The paper spoke of south-east Queensland having a “regional governance framework, via an SEQ Commission, that provides optimum alignment, integration and collaboration across agencies, projects and funding programs”.

But there is an existing governance reform that has the attention of all levels of government and, when it comes to really big things like Olympic Games, it is governments that call the shots.

Key to just how, when and where infrastructure will be delivered in the lead-up to 2032 is an arrangement called a City Deal. Adopted from the United Kingdom, the city deal model is a new way to smooth the investment of public funds into urban infrastructure as well as encourage private sector investment.

A City Deal involves unlocking federal and state government funding for infrastructure while at the same time allowing local government to help decide how that funding can best shape urban growth. It gives more certainty to public infrastructure investment, thereby diving confidence in the private sector to invest.

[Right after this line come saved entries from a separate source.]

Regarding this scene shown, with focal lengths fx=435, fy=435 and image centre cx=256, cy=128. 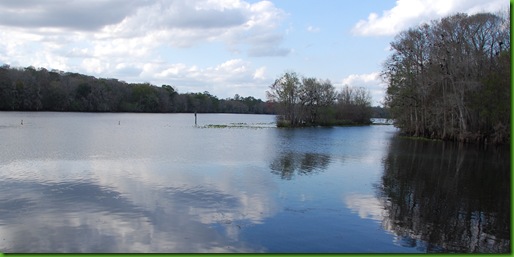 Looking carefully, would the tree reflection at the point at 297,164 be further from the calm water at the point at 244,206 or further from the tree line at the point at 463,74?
the tree line at the point at 463,74

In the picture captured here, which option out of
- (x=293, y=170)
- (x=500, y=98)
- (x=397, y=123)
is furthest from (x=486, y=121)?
(x=293, y=170)

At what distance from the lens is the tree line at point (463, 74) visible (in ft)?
138

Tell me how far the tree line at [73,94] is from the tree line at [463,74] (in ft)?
132

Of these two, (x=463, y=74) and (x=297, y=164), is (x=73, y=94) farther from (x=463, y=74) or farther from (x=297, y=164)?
(x=297, y=164)

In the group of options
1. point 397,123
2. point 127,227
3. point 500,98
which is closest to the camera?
point 127,227

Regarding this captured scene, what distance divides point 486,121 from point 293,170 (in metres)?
32.3

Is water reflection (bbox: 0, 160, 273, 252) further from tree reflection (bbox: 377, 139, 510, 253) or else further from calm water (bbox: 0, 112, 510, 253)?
tree reflection (bbox: 377, 139, 510, 253)

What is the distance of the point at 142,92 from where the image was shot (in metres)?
158

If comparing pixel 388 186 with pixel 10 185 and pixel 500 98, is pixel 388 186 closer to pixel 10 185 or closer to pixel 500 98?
pixel 10 185

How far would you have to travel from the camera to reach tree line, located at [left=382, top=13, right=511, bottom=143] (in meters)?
41.9

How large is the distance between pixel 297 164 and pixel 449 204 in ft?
34.8

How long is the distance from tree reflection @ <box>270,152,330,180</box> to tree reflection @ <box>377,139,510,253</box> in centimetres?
366

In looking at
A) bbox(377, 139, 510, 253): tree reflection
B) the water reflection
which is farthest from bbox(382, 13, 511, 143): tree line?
the water reflection

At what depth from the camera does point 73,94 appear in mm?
128750
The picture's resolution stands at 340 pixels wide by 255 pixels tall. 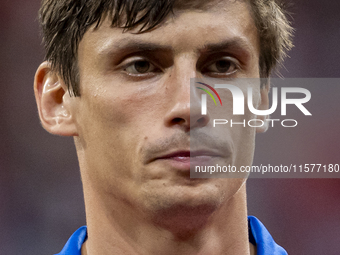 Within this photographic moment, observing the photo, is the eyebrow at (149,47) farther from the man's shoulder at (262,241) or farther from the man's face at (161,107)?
the man's shoulder at (262,241)

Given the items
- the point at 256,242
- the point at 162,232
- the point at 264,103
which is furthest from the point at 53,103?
the point at 256,242

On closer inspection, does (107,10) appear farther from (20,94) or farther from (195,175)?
(20,94)

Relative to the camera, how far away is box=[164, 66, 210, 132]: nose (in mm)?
1693

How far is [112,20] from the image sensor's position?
1.83m

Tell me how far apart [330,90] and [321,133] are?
29 centimetres

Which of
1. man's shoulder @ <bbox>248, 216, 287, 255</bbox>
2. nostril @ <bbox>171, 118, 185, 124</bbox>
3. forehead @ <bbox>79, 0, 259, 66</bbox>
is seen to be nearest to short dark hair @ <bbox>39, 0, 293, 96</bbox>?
forehead @ <bbox>79, 0, 259, 66</bbox>

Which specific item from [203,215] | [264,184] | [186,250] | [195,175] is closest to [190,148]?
[195,175]

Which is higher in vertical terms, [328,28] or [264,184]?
[328,28]

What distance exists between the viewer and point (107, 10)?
1.83 metres

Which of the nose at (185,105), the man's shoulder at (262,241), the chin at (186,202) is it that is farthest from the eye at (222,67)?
the man's shoulder at (262,241)

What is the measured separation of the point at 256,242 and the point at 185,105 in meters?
0.86

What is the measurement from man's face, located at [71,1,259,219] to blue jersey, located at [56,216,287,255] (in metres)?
0.46

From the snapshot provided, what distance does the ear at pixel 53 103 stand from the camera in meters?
2.06

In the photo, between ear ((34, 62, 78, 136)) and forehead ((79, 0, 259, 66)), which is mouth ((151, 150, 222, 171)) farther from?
ear ((34, 62, 78, 136)) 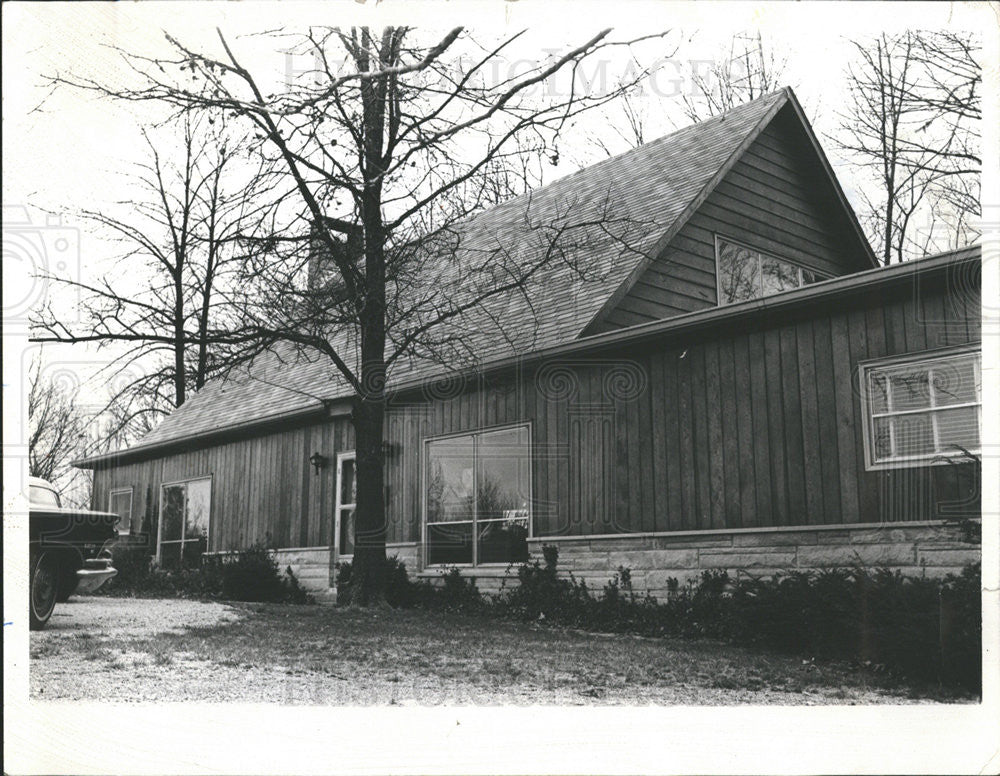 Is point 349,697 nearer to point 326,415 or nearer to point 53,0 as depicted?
point 53,0

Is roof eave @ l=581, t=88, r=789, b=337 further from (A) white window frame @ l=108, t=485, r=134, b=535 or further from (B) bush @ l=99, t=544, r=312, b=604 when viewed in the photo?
(A) white window frame @ l=108, t=485, r=134, b=535

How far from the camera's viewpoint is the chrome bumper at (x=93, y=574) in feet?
16.8

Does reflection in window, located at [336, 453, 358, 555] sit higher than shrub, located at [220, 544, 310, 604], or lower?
higher

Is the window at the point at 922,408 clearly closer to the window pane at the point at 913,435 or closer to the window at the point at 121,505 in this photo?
A: the window pane at the point at 913,435

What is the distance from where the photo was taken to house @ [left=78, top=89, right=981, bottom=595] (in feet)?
21.1

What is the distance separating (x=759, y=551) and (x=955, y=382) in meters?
2.01

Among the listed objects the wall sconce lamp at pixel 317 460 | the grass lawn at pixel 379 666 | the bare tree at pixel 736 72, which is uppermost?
the bare tree at pixel 736 72

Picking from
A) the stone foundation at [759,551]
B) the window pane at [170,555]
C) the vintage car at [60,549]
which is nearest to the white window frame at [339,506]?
the stone foundation at [759,551]

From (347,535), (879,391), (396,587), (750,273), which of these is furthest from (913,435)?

In the UK, the impetus for such deals was to revitalise cities. In SEQ, the goal would be different in that it would give some structure and overall purpose to the region’s growth as the Olympics approaches and well after the last medal has been won and the cheering has stopped.

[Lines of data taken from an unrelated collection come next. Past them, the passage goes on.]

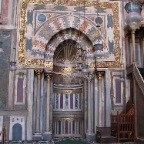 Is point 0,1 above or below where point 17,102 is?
above

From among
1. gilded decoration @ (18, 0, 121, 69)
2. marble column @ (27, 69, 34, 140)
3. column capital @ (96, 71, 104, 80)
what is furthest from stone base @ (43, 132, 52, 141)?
column capital @ (96, 71, 104, 80)

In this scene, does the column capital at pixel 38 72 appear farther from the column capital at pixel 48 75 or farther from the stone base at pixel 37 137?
A: the stone base at pixel 37 137

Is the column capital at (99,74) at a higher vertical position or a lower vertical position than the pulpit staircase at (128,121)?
higher

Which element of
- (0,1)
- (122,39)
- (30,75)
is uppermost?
(0,1)

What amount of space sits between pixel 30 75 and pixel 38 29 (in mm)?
1562

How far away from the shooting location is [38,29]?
912 cm

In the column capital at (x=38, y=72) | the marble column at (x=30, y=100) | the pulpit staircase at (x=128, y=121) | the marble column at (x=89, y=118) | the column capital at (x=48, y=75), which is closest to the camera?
the pulpit staircase at (x=128, y=121)

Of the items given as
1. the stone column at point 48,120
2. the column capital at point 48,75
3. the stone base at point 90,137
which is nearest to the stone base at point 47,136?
the stone column at point 48,120

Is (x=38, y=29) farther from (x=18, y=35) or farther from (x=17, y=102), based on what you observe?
(x=17, y=102)

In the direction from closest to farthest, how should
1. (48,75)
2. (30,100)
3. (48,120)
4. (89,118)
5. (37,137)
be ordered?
(37,137) < (30,100) < (48,120) < (48,75) < (89,118)

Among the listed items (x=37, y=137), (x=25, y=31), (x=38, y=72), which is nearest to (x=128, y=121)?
(x=37, y=137)

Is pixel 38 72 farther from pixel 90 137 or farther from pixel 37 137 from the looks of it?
pixel 90 137

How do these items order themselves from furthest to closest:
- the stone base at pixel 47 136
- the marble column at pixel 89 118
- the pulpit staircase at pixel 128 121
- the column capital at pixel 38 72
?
the marble column at pixel 89 118
the column capital at pixel 38 72
the stone base at pixel 47 136
the pulpit staircase at pixel 128 121

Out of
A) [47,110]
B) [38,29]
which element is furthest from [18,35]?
[47,110] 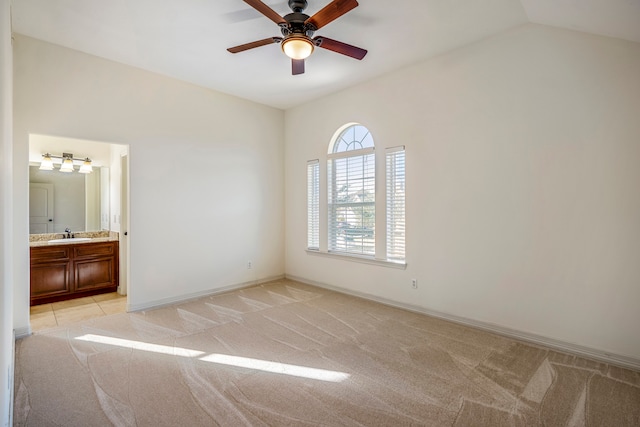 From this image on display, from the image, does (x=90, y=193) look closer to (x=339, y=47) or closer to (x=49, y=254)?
(x=49, y=254)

The state government and south-east Queensland councils have been working on what is called an SEQ City Deal since 2014. A 2019 KPMG analysis of the benefits found that the regional economy would grow another $58 billion with a City Deal in place.

Two years ago, the federal, state and local governments signed a statement of intent to deliver a proposed City Deal, called Transforming SEQ, by mid-2020. It wasn’t delivered, with the COVID-19 pandemic copping the blame.

Negotiations have recently resumed but the impatience for some sort of movement on a City Deal will ratchet up if Brisbane is confirmed at the 2032 Games host.

The region’s businesses have looked on as a Western Sydney City Deal was delivered, paving the way for $5.3 billion in federal funding for the second Sydney Airport.

Townsville, Perth, Adelaide, Hobart and even Launceston are all more advanced with their City Deals than SEQ, which is likely to be the nation’s biggest.

The IOC may confirm Brisbane as 2032 Games host as early as July. If it does, doubtless the partying will begin. But delivering the City Deal will be part of the hangover.